Terapia de mantenimiento en el linfoma folicular

La terapia de mantenimiento con rituximab durante 2 años mejora la supervivencia libre de progresión, pero no tiene ningún efecto sobre la supervivencia general. El beneficio de una terapia de mantenimiento más corta es baja. La consolidación con radioinmunoterapia prolonga la supervivencia libre de progresión solamente y tiene un beneficio menor en comparación con rituximab durante 2 años.
En atención primaria, el beneficio del trasplante autólogo de células madre (OCIT) es limitado y solo prolonga la supervivencia libre de progresión, sin ventaja sobre la supervivencia general. Por lo tanto, no se recomienda la OCT en pacientes que responden a la atención primaria.

Tratamiento recurrente / recaída del linfoma folicular

Debido al riesgo de transformación secundaria a linfoma agresivo, se recomienda encarecidamente repetir la biopsia.
Al igual que en la atención primaria, esperar y ver es un enfoque recomendado en pacientes asintomáticos con baja carga tumoral. La elección de la terapia de segunda línea en pacientes con indicación de tratamiento depende de la efectividad de los tratamientos previos. En las recurrencias tempranas (<12-24 meses), se deben seleccionar esquemas de tratamiento sin resistencia cruzada (bendamustina después de CHOP o viceversa). Se debe agregar rituximab al programa de tratamiento si logra una remisión de> 6 meses en el tratamiento anterior.
La monoterapia con rituximab puede usarse en pacientes con baja carga tumoral sintomática.
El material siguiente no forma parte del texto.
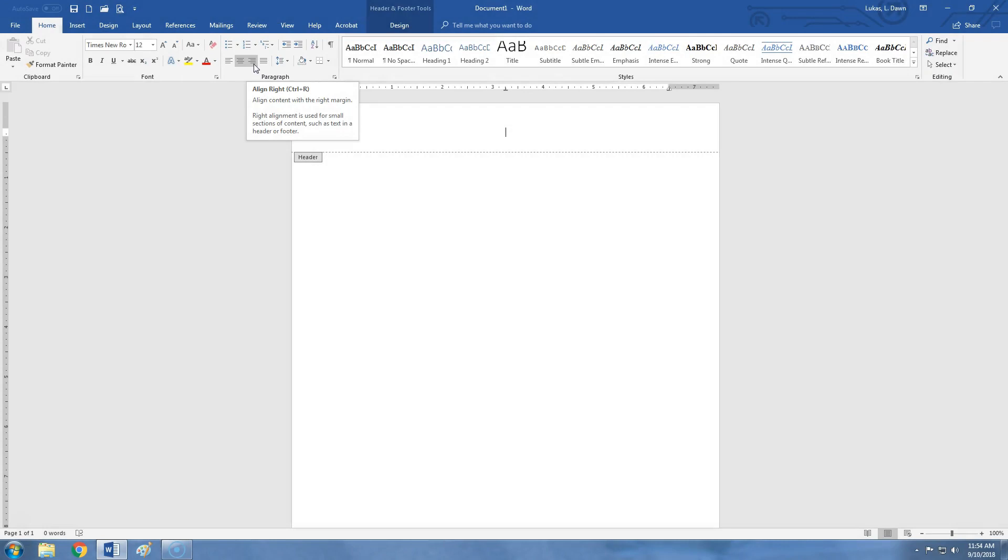The first element of your header is your last name, so you just type it in. My last name is Lucas, so I will type that in. Then you hit the space bar one time, and it's time to add the page number.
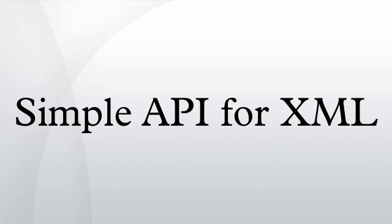Further reading: David Brownell, SAX2, O'Reilly, ISBN 0-596-00237-8. W. Scott Means, Michael A. Bodie, The Book of SAX, No Starch Press, ISBN 1-886411-77-8.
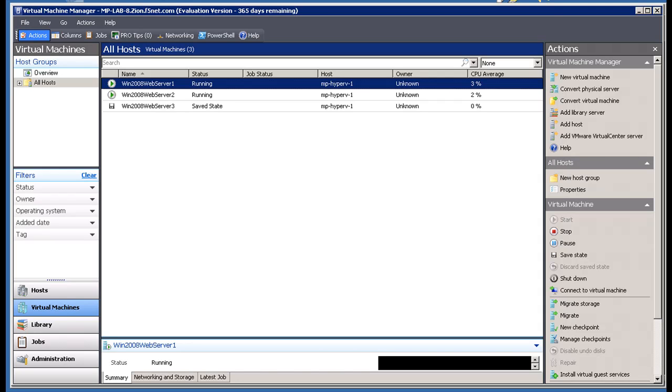Let's look at Virtual Machine Manager. I've got two web servers currently running and serving traffic, while a third web server is shut down until its resources are needed.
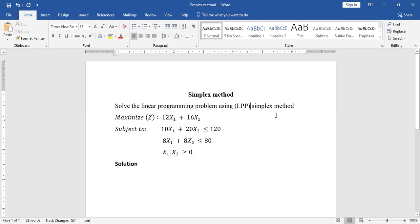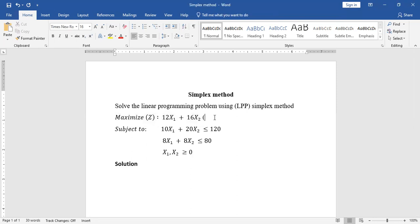The problem reads: maximize 12x1 plus 16x2. We call this the objective function — that's what we are trying to achieve. We are trying to maximize, so this can be revenue or profits. We call this function the objective function; it is what we are trying to achieve.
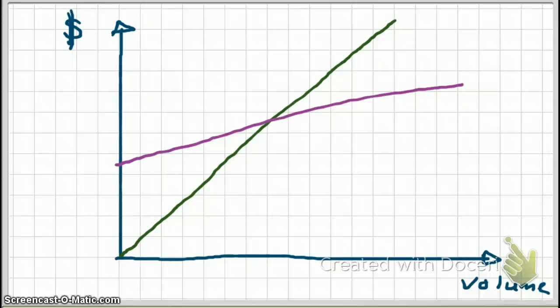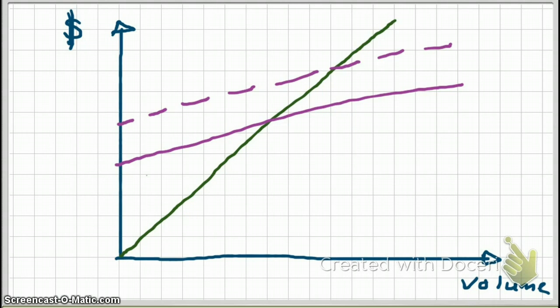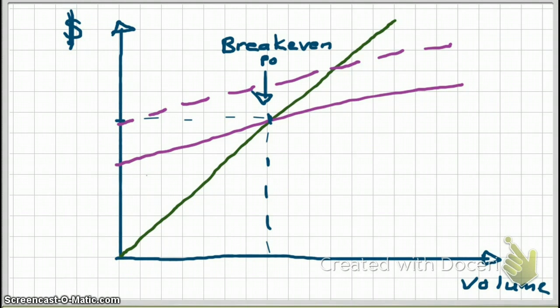So how will the mixed cost line change? It's going to stay parallel to the existing line, but it's going to move up and down your y-axis. If your fixed costs increased, the line moves up, staying parallel to the existing line. As you can see, it did affect your breakeven point — our earlier breakeven point was here, and our new breakeven point has increased.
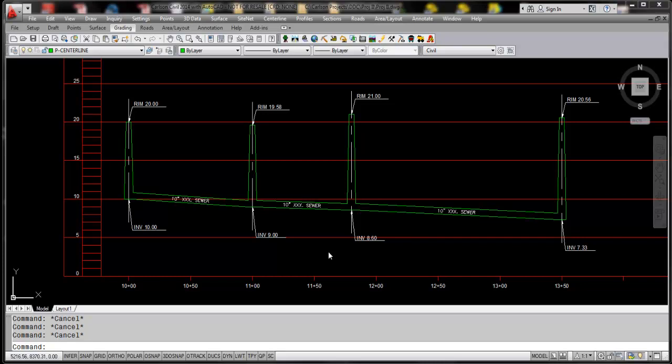Hello, my name is Mike Hyman with Carlson Software. In today's video we're going to do a brief overview of how to extend the pipe into a profile and coming out of a profile.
El mantenimiento de 2 años con rituximab tiene un perfil tolerable de efectos secundarios y, según el metaanálisis sistemático, la administración de terapia con anticuerpos durante la inducción en pacientes que no recibieron Rituximab en atención primaria prolonga el tiempo libre de progresión y la supervivencia en comparación con un metanálisis.
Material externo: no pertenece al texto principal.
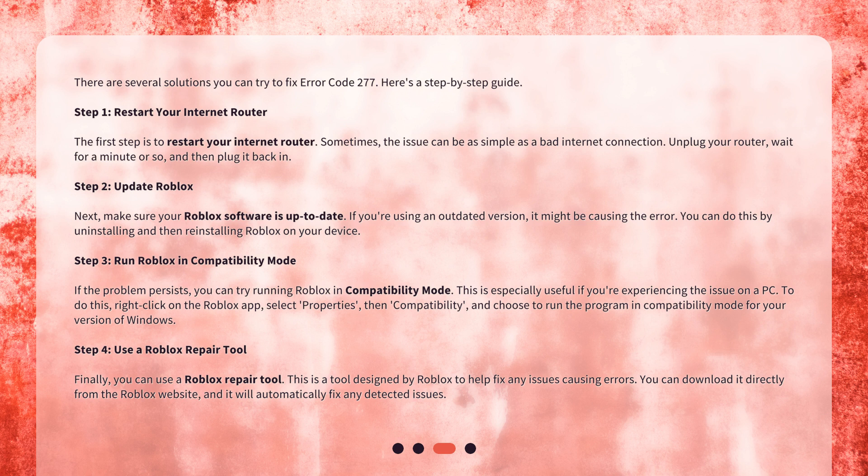Step 4: Use a Roblox repair tool. Finally, you can use a Roblox repair tool. This is a tool designed by Roblox to help fix any issues causing errors. You can download it directly from the Roblox website, and it will automatically fix any detected issues.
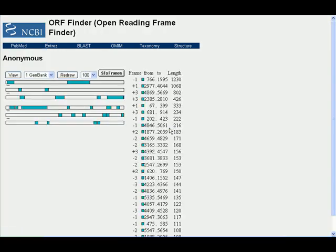This is our result page. We can see here all possible six reading frames in our sequence: one, two, three, four, five, six.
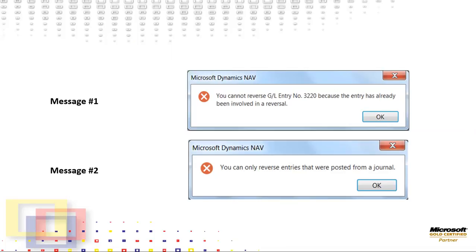So to wrap all this up, the best practice is to use the Reverse Transaction functionality when it is available in Microsoft Dynamics NAV. Using the Reverse Transaction option ensures that the original entry is reversed for the exact amount and on the same date the original entry was posted. All of these are possible data entry errors if you choose to create the adjustment manually. Consider using the Reverse Transaction functionality the next time you need to reverse an entry.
La quimioterapia autóloga con dosis altas de quimioterapia asistida por células madre puede usarse como terapia de refuerzo después de la segunda o tercera línea de tratamiento.
Se puede considerar el trasplante alogénico de células madre hematopoyéticas potencialmente curativas (preferiblemente con regímenes de intensidad reducida) en pacientes jóvenes seleccionados de alto riesgo o pacientes recurrentes después de OCTT, particularmente en recaídas tempranas y enfermedad refractaria.